Although the area of Mitla has been occupied since time immemorial, the ruins we see today were built during the post classic period of 900-1519 BC. In the typical Spanish style, most of the buildings were taken apart and a Catholic Church was built on the spot, made out of the bricks and blocks of the previous culture's building.

This view out the door of one of the main buildings shows two things: how far they could see into the valley and thus be warned of approaching marauders and how small these people must have been. These doorways were all only about four feet high.

The different chambers were long and narrow. I was impressed that the interior of the buildings was as well and intricately decorated as the outsides were.

Besides a Blogger at work, we see here the columns that once supported the ceiling.

More shots of the outside of buildings. Notice that some of the original color still remains.

These motifs were so drastically different from what I am used to seeing here on the Yucatan Peninsula. The Mayans here used more gods and hieroglyphics in their decorations.

One of the more interesting features available to the tourist at these ruins is the burial chamber. There is a hole in the ground of the central square around which all the buildings are placed. There are steep, narrow stairs that lead down to a tiny opening in the wall. Maybe 3' x '3 at the most. This is actually the opening of a tunnel that you either have to crawl along or do a duck walk. This only lasts a short distance (though it seems longer when you are in it!) and then you can stand up. Well, not for me. But if you were 4' 2" or smaller, you could have. Most of us had to walk around crouched over to view the various burial chambers. There were three of them, arranged in a T formation. There were still cement caskets in them but I seriously doubt that any priest still was in them. Who knows though.

After a very hot but decidedly interesting visit, we loaded up in the van again and headed out for the next stop......a mezcal factory!

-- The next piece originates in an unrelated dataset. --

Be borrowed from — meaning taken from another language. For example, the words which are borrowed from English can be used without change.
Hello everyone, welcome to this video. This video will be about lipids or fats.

To get a slightly more in depth overview of the history of Mitla, go here.


Charles Sipe said...

Those are amazing. What is your favorite place that you have visited in Mexico?

wayne said...

Charles: that's a hard question to answer. I have several places that stand out. One being the Baja Sur peninsula. The other is a tiny little village south of Acapulco called Juan Alvarez. Favorite city? Probably San Cristobal de las Casas in Chiapas. But this list could change at any point!